Given records:
[Start of section]
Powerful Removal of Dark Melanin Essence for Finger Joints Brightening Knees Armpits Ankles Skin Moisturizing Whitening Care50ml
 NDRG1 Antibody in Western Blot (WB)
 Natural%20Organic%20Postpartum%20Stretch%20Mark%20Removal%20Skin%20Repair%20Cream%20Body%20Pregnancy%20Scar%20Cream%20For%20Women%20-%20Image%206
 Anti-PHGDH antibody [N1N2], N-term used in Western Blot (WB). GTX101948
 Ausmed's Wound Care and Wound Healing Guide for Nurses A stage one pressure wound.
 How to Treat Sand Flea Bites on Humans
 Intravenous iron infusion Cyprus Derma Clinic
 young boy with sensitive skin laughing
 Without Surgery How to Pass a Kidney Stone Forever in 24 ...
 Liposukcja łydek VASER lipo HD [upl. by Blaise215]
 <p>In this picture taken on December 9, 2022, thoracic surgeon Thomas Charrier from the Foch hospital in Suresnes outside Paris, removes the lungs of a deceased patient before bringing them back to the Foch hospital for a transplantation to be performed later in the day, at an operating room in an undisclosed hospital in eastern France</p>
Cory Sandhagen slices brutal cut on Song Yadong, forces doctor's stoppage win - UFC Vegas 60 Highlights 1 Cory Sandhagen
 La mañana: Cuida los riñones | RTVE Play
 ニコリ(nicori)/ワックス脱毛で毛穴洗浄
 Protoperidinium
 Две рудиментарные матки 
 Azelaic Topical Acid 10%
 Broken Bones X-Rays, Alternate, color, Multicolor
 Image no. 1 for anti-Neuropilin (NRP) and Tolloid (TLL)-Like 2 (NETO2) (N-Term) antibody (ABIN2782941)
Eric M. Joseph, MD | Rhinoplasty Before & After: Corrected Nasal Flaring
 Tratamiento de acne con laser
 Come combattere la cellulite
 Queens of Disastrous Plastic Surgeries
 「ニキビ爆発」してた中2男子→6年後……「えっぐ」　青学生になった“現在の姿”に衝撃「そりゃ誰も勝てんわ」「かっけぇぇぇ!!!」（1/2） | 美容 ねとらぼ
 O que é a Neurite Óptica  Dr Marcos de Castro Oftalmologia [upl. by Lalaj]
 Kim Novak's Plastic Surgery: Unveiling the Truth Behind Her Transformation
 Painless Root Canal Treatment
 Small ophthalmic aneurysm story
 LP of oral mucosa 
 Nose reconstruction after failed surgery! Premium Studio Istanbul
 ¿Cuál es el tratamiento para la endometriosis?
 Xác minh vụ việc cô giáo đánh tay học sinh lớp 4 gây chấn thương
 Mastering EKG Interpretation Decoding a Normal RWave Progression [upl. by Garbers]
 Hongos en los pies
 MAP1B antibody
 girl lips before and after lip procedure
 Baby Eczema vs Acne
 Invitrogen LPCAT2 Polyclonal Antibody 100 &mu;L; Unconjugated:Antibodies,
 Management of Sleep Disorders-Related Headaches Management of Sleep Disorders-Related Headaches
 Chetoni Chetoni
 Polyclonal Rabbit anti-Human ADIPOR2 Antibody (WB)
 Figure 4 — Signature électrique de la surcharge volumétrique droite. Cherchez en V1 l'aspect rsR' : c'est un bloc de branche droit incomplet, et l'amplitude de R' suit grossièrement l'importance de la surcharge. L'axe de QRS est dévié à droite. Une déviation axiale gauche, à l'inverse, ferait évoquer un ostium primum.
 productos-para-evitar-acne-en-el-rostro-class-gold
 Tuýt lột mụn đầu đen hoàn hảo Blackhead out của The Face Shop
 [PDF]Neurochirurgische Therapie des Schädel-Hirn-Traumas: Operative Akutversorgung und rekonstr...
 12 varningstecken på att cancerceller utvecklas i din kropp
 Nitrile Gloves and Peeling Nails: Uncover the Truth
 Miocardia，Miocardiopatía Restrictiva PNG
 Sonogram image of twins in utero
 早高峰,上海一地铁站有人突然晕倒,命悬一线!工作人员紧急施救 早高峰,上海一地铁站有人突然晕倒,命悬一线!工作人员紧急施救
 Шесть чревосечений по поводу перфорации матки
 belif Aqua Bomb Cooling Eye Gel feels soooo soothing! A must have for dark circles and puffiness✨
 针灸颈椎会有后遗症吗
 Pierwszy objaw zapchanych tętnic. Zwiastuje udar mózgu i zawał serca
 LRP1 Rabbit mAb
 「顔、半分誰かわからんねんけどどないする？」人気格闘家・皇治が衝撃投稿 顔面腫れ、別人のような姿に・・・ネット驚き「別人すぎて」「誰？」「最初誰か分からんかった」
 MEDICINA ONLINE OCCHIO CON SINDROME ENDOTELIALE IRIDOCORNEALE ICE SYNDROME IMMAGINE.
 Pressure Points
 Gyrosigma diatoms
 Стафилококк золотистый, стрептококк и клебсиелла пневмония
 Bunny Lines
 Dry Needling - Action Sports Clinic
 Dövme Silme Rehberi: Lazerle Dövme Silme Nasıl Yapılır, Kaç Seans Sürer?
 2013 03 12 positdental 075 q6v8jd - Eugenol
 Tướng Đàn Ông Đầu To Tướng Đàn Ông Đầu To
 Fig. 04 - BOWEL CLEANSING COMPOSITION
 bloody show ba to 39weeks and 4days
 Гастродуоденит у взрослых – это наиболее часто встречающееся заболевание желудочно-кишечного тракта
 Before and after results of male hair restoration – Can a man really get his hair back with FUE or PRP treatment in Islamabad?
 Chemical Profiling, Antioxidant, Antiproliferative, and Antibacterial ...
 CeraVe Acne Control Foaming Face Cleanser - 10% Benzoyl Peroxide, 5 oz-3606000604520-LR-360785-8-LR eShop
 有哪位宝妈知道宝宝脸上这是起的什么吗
[End of section]
Task item: Above are the records; set each one down word for word.

Task solution:
Powerful Removal of Dark Melanin Essence for Finger Joints Brightening Knees Armpits Ankles Skin Moisturizing Whitening Care50ml
 NDRG1 Antibody in Western Blot (WB)
 Natural%20Organic%20Postpartum%20Stretch%20Mark%20Removal%20Skin%20Repair%20Cream%20Body%20Pregnancy%20Scar%20Cream%20For%20Women%20-%20Image%206
 Anti-PHGDH antibody [N1N2], N-term used in Western Blot (WB). GTX101948
 Ausmed's Wound Care and Wound Healing Guide for Nurses A stage one pressure wound.
 How to Treat Sand Flea Bites on Humans
 Intravenous iron infusion Cyprus Derma Clinic
 young boy with sensitive skin laughing
 Without Surgery How to Pass a Kidney Stone Forever in 24 ...
 Liposukcja łydek VASER lipo HD [upl. by Blaise215]
 <p>In this picture taken on December 9, 2022, thoracic surgeon Thomas Charrier from the Foch hospital in Suresnes outside Paris, removes the lungs of a deceased patient before bringing them back to the Foch hospital for a transplantation to be performed later in the day, at an operating room in an undisclosed hospital in eastern France</p>
Cory Sandhagen slices brutal cut on Song Yadong, forces doctor's stoppage win - UFC Vegas 60 Highlights 1 Cory Sandhagen
 La mañana: Cuida los riñones | RTVE Play
 ニコリ(nicori)/ワックス脱毛で毛穴洗浄
 Protoperidinium
 Две рудиментарные матки 
 Azelaic Topical Acid 10%
 Broken Bones X-Rays, Alternate, color, Multicolor
 Image no. 1 for anti-Neuropilin (NRP) and Tolloid (TLL)-Like 2 (NETO2) (N-Term) antibody (ABIN2782941)
Eric M. Joseph, MD | Rhinoplasty Before & After: Corrected Nasal Flaring
 Tratamiento de acne con laser
 Come combattere la cellulite
 Queens of Disastrous Plastic Surgeries
 「ニキビ爆発」してた中2男子→6年後……「えっぐ」　青学生になった“現在の姿”に衝撃「そりゃ誰も勝てんわ」「かっけぇぇぇ!!!」（1/2） | 美容 ねとらぼ
 O que é a Neurite Óptica  Dr Marcos de Castro Oftalmologia [upl. by Lalaj]
 Kim Novak's Plastic Surgery: Unveiling the Truth Behind Her Transformation
 Painless Root Canal Treatment
 Small ophthalmic aneurysm story
 LP of oral mucosa 
 Nose reconstruction after failed surgery! Premium Studio Istanbul
 ¿Cuál es el tratamiento para la endometriosis?
 Xác minh vụ việc cô giáo đánh tay học sinh lớp 4 gây chấn thương
 Mastering EKG Interpretation Decoding a Normal RWave Progression [upl. by Garbers]
 Hongos en los pies
 MAP1B antibody
 girl lips before and after lip procedure
 Baby Eczema vs Acne
 Invitrogen LPCAT2 Polyclonal Antibody 100 &mu;L; Unconjugated:Antibodies,
 Management of Sleep Disorders-Related Headaches Management of Sleep Disorders-Related Headaches
 Chetoni Chetoni
 Polyclonal Rabbit anti-Human ADIPOR2 Antibody (WB)
 Figure 4 — Signature électrique de la surcharge volumétrique droite. Cherchez en V1 l'aspect rsR' : c'est un bloc de branche droit incomplet, et l'amplitude de R' suit grossièrement l'importance de la surcharge. L'axe de QRS est dévié à droite. Une déviation axiale gauche, à l'inverse, ferait évoquer un ostium primum.
 productos-para-evitar-acne-en-el-rostro-class-gold
 Tuýt lột mụn đầu đen hoàn hảo Blackhead out của The Face Shop
 [PDF]Neurochirurgische Therapie des Schädel-Hirn-Traumas: Operative Akutversorgung und rekonstr...
 12 varningstecken på att cancerceller utvecklas i din kropp
 Nitrile Gloves and Peeling Nails: Uncover the Truth
 Miocardia，Miocardiopatía Restrictiva PNG
 Sonogram image of twins in utero
 早高峰,上海一地铁站有人突然晕倒,命悬一线!工作人员紧急施救 早高峰,上海一地铁站有人突然晕倒,命悬一线!工作人员紧急施救
 Шесть чревосечений по поводу перфорации матки
 belif Aqua Bomb Cooling Eye Gel feels soooo soothing! A must have for dark circles and puffiness✨
 针灸颈椎会有后遗症吗
 Pierwszy objaw zapchanych tętnic. Zwiastuje udar mózgu i zawał serca
 LRP1 Rabbit mAb
 「顔、半分誰かわからんねんけどどないする？」人気格闘家・皇治が衝撃投稿 顔面腫れ、別人のような姿に・・・ネット驚き「別人すぎて」「誰？」「最初誰か分からんかった」
 MEDICINA ONLINE OCCHIO CON SINDROME ENDOTELIALE IRIDOCORNEALE ICE SYNDROME IMMAGINE.
 Pressure Points
 Gyrosigma diatoms
 Стафилококк золотистый, стрептококк и клебсиелла пневмония
 Bunny Lines
 Dry Needling - Action Sports Clinic
 Dövme Silme Rehberi: Lazerle Dövme Silme Nasıl Yapılır, Kaç Seans Sürer?
 2013 03 12 positdental 075 q6v8jd - Eugenol
 Tướng Đàn Ông Đầu To Tướng Đàn Ông Đầu To
 Fig. 04 - BOWEL CLEANSING COMPOSITION
 bloody show ba to 39weeks and 4days
 Гастродуоденит у взрослых – это наиболее часто встречающееся заболевание желудочно-кишечного тракта
 Before and after results of male hair restoration – Can a man really get his hair back with FUE or PRP treatment in Islamabad?
 Chemical Profiling, Antioxidant, Antiproliferative, and Antibacterial ...
 CeraVe Acne Control Foaming Face Cleanser - 10% Benzoyl Peroxide, 5 oz-3606000604520-LR-360785-8-LR eShop
 有哪位宝妈知道宝宝脸上这是起的什么吗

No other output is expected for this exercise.